*** Exercise materials Section Begins ***

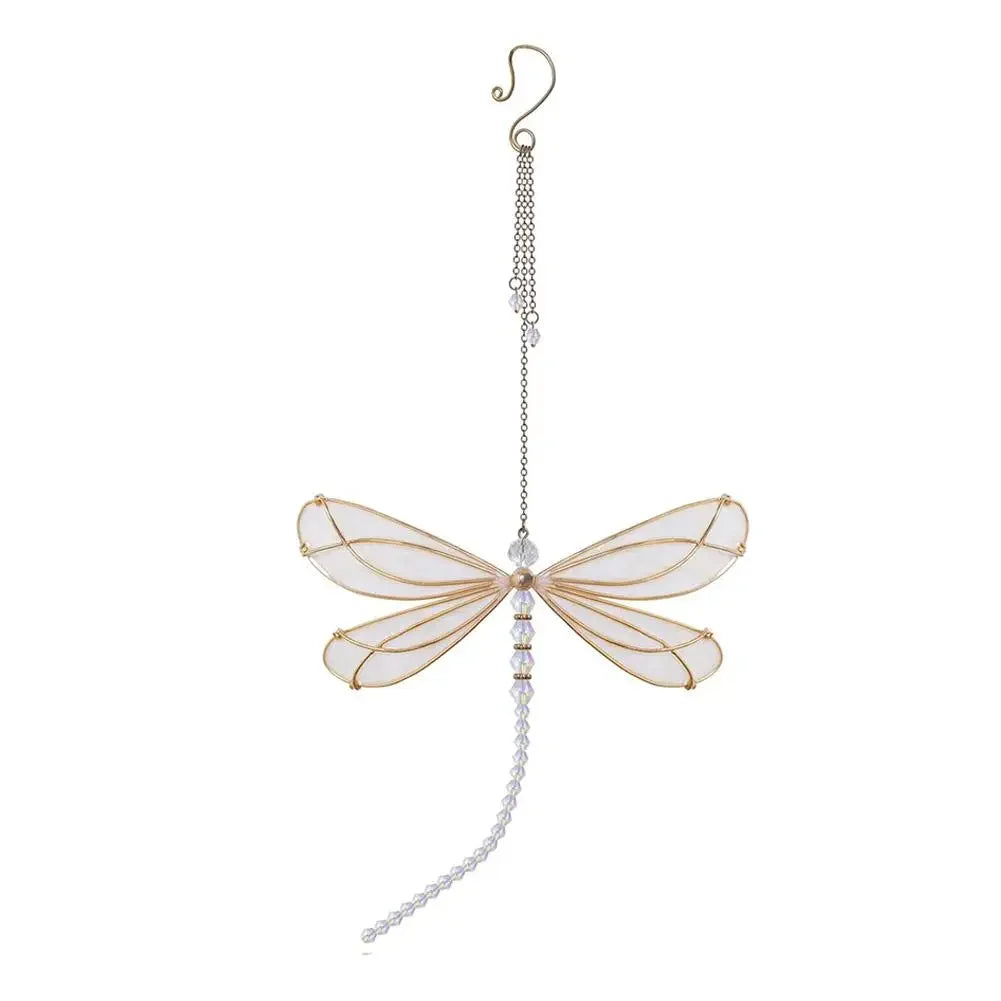 Golden Dragonfly Crystal Suncatcher Wind Chime Pendant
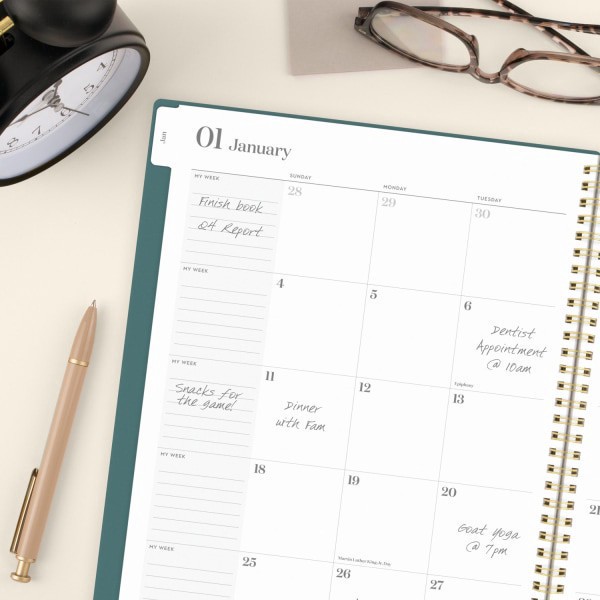 slide 9 of 10, Cambridge® WorkStyle® 2026 Monthly Planner, Transformative Teal, Large, 8 1/2"" x 11"", 1 ct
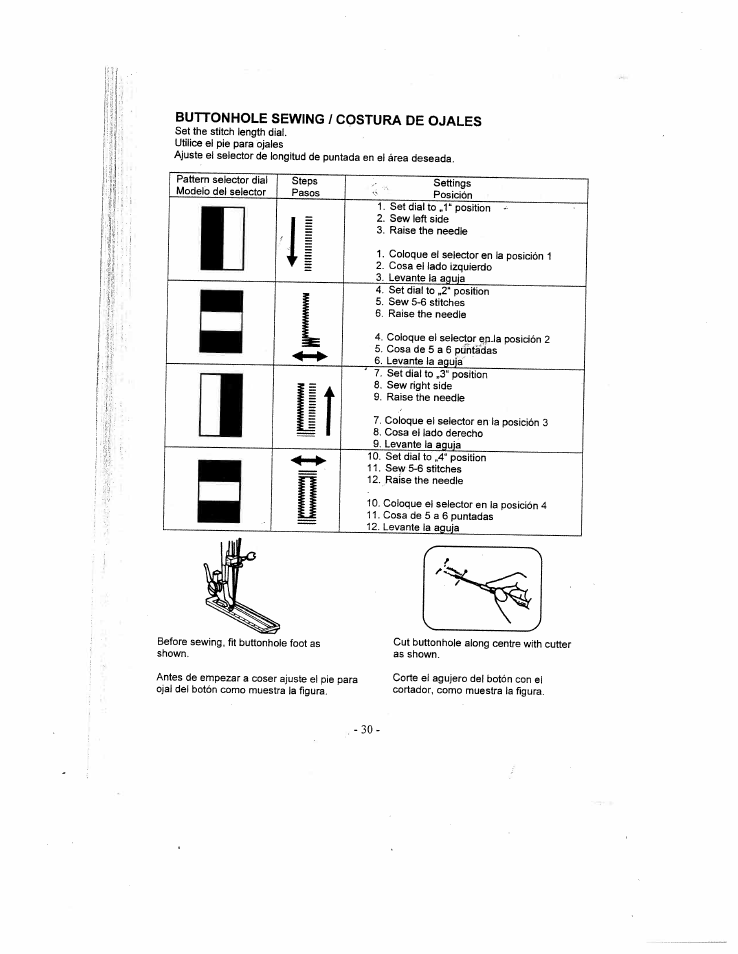 Buttonhole sewing / costura de ojales | SINGER W1735 User Manual | Page 30 / 36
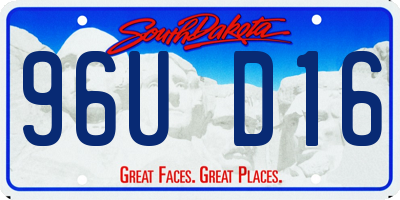 SD license plate 96UD16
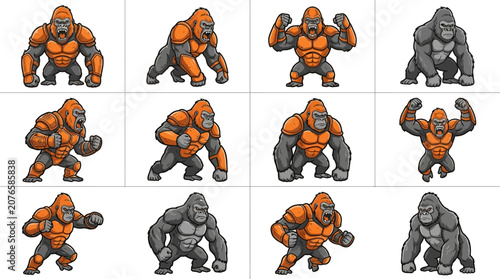 Photography Collection of orange and grey gorilla mascot logo designs.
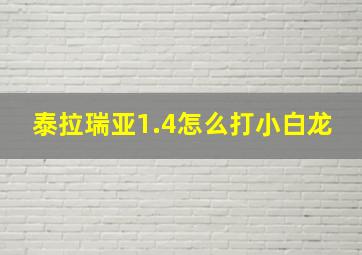 泰拉瑞亚1.4怎么打小白龙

*** Exercise materials Section Ends ***

What you will do ▸
Reproduce the data above word for word, but leave the images out.

Problem solution ▸
 Golden Dragonfly Crystal Suncatcher Wind Chime Pendant
 slide 9 of 10, Cambridge® WorkStyle® 2026 Monthly Planner, Transformative Teal, Large, 8 1/2"" x 11"", 1 ct
 Buttonhole sewing / costura de ojales | SINGER W1735 User Manual | Page 30 / 36
 SD license plate 96UD16
 Photography Collection of orange and grey gorilla mascot logo designs.
 泰拉瑞亚1.4怎么打小白龙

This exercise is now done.